I am using the EdgeDataLoader and am training a RGCN on GPU. Initially, I moved the DGLHeteroGraph I created to GPU by specifying the device parameter:

het_graph = dgl.heterograph(data_dict=graph_dict, num_nodes_dict=num_nodes_dict, device=device)

I initialised the instance of the EdgeDataLoader (called train_loader) as follows:
(Background info:
training_graph is a DGLHeteroGraph that was moved to CUDA.

train_eid_dict = {
        canonical_etype: torch.arange(training_graph.num_edges(canonical_etype[1]), dtype=torch.int64).to(device)
        for canonical_etype in training_graph.canonical_etypes
    }

    sampler = dgl.dataloading.MultiLayerNeighborSampler([fanout] * n_layers)
    neg_sampler = dgl.dataloading.negative_sampler.Uniform(1)

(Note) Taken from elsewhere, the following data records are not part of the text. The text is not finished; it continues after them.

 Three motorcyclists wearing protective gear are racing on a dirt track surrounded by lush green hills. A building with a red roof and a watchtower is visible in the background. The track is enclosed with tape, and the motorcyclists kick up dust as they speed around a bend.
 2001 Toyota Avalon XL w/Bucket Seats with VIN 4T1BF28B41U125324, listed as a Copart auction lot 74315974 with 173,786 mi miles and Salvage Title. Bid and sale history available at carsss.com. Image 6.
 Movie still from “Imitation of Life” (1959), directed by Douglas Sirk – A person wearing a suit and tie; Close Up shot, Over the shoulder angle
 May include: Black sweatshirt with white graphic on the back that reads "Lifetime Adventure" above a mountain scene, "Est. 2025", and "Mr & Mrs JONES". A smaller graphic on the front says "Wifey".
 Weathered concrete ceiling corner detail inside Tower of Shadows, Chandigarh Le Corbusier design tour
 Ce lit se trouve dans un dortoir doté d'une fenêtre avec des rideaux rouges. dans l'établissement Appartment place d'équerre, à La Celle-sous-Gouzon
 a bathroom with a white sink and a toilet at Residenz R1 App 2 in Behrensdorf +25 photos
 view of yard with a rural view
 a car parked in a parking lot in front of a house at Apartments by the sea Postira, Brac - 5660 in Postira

    train_loader = dgl.dataloading.EdgeDataLoader(
        g=het_graph,
        eids=train_eid_dict, 
        block_sampler=sampler,
        batch_size=batch_size,
        g_sampling=training_graph, 
        negative_sampler=neg_sampler,
        shuffle=True,
    )

Yet, I receive an error that the so-called relation graphs don’t have the same context.

  File "/.../lib/python3.7/site-packages/dgl/heterograph_index.py", line 1054, in create_heterograph_from_relations
    metagraph, rel_graphs, num_nodes_per_type.todgltensor())
  File "dgl/_ffi/_cython/./function.pxi", line 287, in dgl._ffi._cy3.core.FunctionBase.__call__
  File "dgl/_ffi/_cython/./function.pxi", line 222, in dgl._ffi._cy3.core.FuncCall
  File "dgl/_ffi/_cython/./function.pxi", line 211, in dgl._ffi._cy3.core.FuncCall3
  File "dgl/_ffi/_cython/./base.pxi", line 155, in dgl._ffi._cy3.core.CALL
dgl._ffi.base.DGLError: [09:59:16] /opt/dgl/src/graph/heterograph.cc:129: Check failed: rg->Context() == ctx (cuda:0 vs. cpu:0) : Each relation graph must have the same context.

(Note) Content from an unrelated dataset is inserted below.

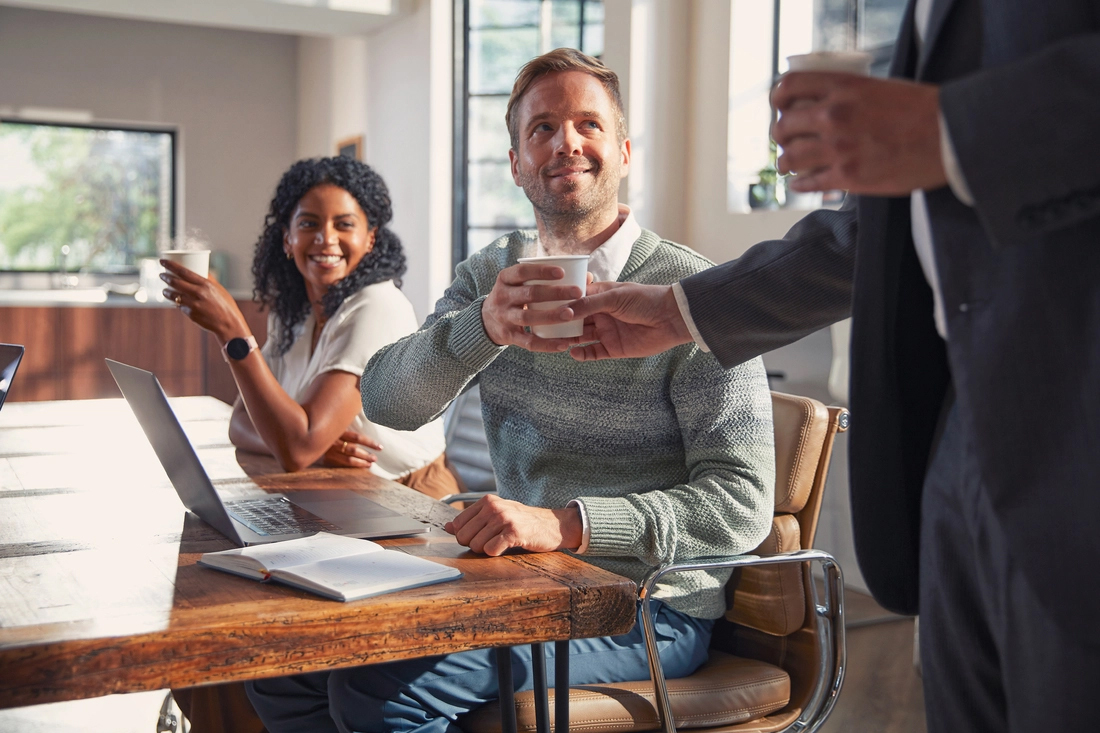Drei Personen in einem modernen Büro, zwei sitzen am Tisch mit Laptops, eine steht und reicht eine Tasse.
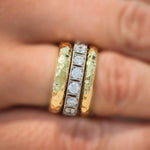 Hammered gold band rings and diamond band rings on model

Do you have any idea why that could be?

This might be a bug.

Meanwhile, you don’t need to create the graph on GPU for sampling-based training. You can put that on CPU, use EdgeDataLoader to construct blocks and move blocks to GPU in each iteration.

@mufeili Good to know, thanks for the reply. Do you have an estimate when this will be fixed?

For sampling based training, it is generally not recommended to put the full graph on GPU as computation is performed on blocks. You can move the blocks to GPU in each iteration.

1 Like

@mufeili thank you for the recommendation, I put the individual blocks on GPU and it worked!

Seems the bug has been not fixed. Sampling on CPU and send the blocks to GPU would be a good workaround, but it is somewhat time-consuming.

You will need to either put the graph onto GPU or set use_uva=True.